Crank snorted on a laugh. “Real fun. They weren’t lying when they said there was nothing here. Place is emptier than my dead mom’s brain.”
It was my turn to snort on a laugh. “Got a way with words there, Crank.” I smirked. “I’m going back outside. Something about these two makes me uncomfortable.”
“Everyone makes you uncomfortable,” Shooter grumbled.
“Thanks for the vote of confidence.” I eye-rolled and walked away with a scowl even though I knew he was right.
People did make me uncomfortable. People. Animals. New groups. New shoes… Okay, the last one sounds stupid but it’s probably the most important. Think about it: Wrong size shoe and you got blisters. Those blisters just got worse and worse and worse until they popped. Maybe they even got infected. Painful blisters made it difficult to walk. Difficult to run. Difficult to escape sticky situations like those of the undead variety.
So yeah, I rarely trusted new shoes.
Passing back through the small store, I could see Highlander standing outside with Zuly and Kensa. Highlander was smoking and the two women looked like they were still eating. I took the time to check behind the small counter where the cash register was to see if there was anything there—maybe a sneaky shotgun strapped underneath the counter or a sly handgun hidden—but the place had been stripped bare. Nothing but stale air and empty shelving remained. With a sigh I went back outside, glad for the fresh air. I won’t say clean air, because the stench of the dead hung heavily.
Highlander nodded at me as I came back outside.
“Nothing,” I said.
Zuly looked at me matter-of-factly. “Told you.”
“We had to check.” I shrugged and she nodded back in understanding. “So, is it just you two or are there more of you?”

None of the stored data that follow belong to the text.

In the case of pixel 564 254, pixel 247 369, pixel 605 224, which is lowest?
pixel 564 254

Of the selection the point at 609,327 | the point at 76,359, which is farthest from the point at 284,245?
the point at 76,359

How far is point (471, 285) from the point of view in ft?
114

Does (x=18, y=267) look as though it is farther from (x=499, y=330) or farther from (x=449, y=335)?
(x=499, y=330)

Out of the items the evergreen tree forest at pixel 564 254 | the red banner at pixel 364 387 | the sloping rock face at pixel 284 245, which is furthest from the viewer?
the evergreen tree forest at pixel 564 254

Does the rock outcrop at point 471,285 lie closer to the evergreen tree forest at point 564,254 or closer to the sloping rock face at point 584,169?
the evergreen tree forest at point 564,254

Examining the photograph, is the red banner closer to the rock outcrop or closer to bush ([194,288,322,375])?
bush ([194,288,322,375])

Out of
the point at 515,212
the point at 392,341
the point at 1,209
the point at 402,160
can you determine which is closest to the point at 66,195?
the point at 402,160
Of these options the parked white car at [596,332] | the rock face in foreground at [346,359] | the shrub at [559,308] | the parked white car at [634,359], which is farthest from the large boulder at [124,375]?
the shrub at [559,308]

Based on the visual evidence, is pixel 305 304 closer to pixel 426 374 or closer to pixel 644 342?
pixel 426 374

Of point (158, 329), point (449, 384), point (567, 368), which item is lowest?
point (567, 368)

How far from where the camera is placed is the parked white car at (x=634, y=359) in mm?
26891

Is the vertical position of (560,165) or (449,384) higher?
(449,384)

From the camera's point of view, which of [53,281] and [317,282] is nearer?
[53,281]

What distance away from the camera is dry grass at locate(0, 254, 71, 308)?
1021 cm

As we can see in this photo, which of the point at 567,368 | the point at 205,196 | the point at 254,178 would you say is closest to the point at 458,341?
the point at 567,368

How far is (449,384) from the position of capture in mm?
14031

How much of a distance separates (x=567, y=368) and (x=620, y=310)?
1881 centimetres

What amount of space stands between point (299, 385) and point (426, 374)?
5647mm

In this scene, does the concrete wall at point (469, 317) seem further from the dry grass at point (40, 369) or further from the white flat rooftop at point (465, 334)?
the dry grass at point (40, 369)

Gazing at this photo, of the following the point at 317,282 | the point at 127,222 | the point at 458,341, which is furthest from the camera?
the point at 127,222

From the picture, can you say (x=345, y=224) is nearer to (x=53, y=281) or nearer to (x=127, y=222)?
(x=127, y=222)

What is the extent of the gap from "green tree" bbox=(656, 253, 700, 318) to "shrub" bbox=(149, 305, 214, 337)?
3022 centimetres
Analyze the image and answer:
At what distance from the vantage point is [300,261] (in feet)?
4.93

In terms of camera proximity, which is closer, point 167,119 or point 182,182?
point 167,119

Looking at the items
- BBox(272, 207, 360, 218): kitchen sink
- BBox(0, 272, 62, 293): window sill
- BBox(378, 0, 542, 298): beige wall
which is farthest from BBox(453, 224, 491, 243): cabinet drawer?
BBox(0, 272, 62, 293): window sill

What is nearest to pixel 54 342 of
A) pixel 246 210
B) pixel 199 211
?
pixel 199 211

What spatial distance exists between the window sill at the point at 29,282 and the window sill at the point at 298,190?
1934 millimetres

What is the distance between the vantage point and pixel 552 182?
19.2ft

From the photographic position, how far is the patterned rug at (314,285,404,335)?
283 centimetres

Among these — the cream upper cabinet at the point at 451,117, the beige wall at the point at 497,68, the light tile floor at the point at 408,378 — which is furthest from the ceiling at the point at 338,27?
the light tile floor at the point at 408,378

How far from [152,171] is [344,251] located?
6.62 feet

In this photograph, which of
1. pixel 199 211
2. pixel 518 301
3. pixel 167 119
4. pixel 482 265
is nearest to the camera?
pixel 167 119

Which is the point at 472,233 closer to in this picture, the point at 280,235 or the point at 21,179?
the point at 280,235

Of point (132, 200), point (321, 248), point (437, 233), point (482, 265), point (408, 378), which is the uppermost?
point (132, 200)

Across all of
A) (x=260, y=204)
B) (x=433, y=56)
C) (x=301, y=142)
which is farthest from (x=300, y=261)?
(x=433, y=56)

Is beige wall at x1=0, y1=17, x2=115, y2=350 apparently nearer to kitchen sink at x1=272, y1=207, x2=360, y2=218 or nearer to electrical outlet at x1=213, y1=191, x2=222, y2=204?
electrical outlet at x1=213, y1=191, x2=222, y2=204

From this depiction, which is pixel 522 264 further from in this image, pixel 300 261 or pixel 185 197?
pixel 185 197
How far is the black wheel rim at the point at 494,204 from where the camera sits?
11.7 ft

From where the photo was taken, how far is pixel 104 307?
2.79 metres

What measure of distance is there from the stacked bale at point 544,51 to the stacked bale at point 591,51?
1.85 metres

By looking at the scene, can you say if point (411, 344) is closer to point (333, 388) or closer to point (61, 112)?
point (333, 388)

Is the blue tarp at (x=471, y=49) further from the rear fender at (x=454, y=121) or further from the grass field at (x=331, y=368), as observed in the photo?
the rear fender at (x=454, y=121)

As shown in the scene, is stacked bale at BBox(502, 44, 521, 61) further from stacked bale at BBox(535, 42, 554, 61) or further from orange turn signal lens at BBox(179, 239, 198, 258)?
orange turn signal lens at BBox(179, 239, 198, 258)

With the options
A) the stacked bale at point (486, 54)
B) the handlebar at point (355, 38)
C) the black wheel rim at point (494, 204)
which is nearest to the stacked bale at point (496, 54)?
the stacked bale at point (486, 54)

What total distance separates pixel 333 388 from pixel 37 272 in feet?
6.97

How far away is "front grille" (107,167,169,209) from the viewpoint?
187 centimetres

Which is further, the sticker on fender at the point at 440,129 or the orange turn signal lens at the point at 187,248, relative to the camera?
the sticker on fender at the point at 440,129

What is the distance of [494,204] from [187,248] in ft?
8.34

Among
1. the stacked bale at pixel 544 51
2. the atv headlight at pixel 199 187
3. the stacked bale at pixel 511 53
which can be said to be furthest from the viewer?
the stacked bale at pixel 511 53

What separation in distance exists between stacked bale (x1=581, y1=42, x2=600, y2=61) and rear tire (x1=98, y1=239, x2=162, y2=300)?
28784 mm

Kensa and Zuly looked between themselves, looking uncomfortable. I knew that look. It said they had something to hide and didn’t trust us with the information. I could understand that. But it didn’t mean I had to like it.
“That’s how it’s going to be, huh?” I asked.
Shooter and Crank came back out looking as pissed off as I had been that the gas station was empty. Shooter glanced between us all, immediately sensing that something was amiss. His hand went to the gun at his waist.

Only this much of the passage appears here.